Examples of the laser include gas lasers such as CO ₂ laser, He—Ne laser, Ar laser, and excimer laser, solid lasers such as YAG laser and YVO 4 laser, and semiconductor lasers.

  As described above, the high refractive index pattern according to the present embodiment is formed.

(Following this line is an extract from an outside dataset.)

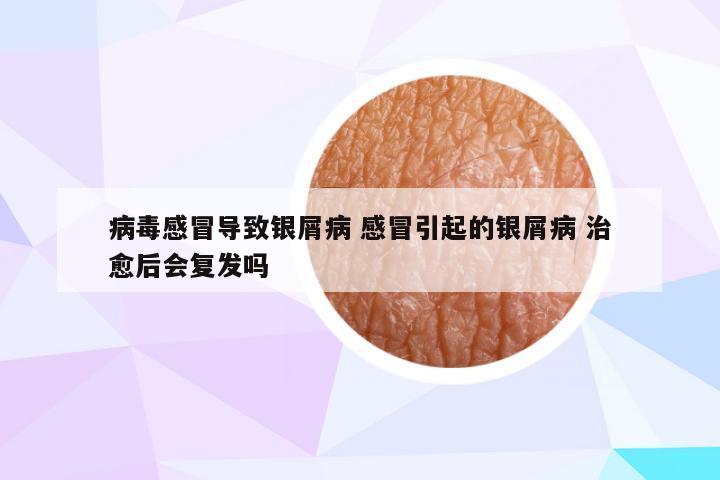病毒感冒导致银屑病 感冒引起的银屑病 治愈后会复发吗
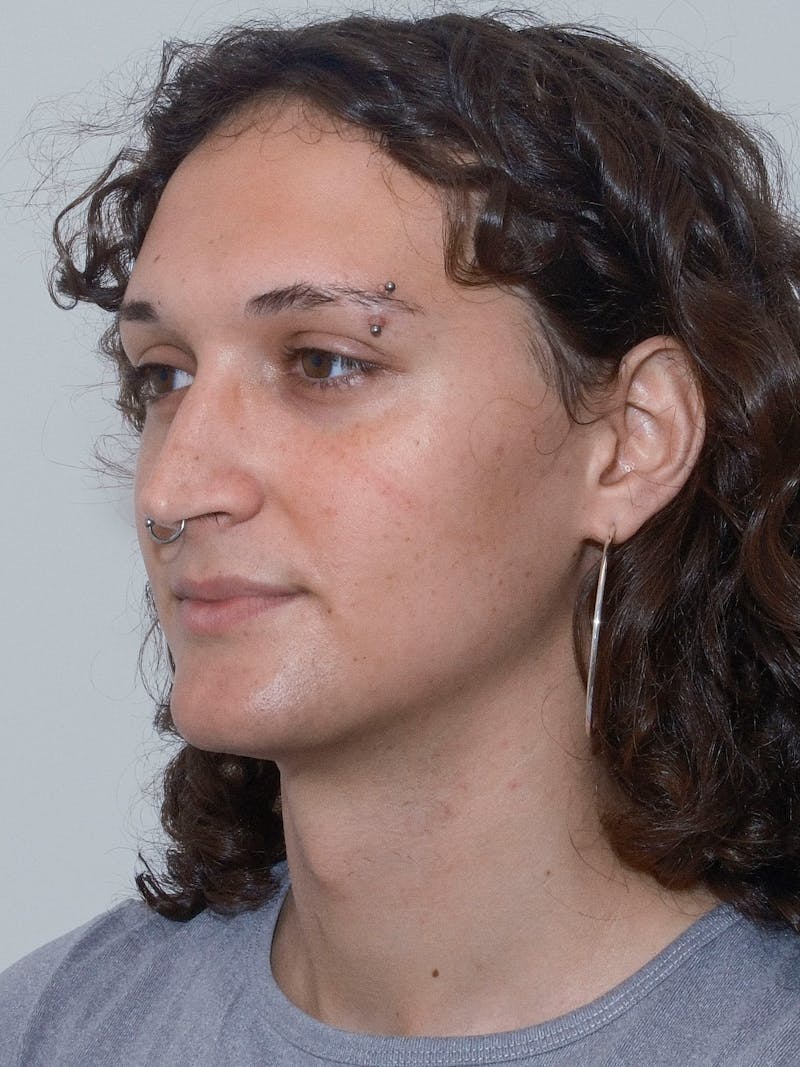 Genioplasty Before & After Gallery - Patient 184538 - Image 9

  According to the laminate including the high refractive index pattern and the method for forming the high refractive index pattern according to the present embodiment, the first region irradiated with the laser beam and the second laser beam not irradiated by the heating by the laser irradiation. Therefore, a high refractive index pattern can be formed by a simple method. In addition, since there are few steps, reproduction can be performed with good reproducibility, and a mold is unnecessary, so that patterns of various shapes can be manufactured at low cost. Further, by providing the laser light absorbing layer, it becomes easier to heat the metal oxide nanoparticles of the high refractive index pattern forming layer than in the case of only the high refractive index pattern forming layer. Therefore, the output of the laser beam can be kept low, and the pattern can be formed even when the film thickness of the high refractive index pattern forming layer is reduced, and the cost can be reduced.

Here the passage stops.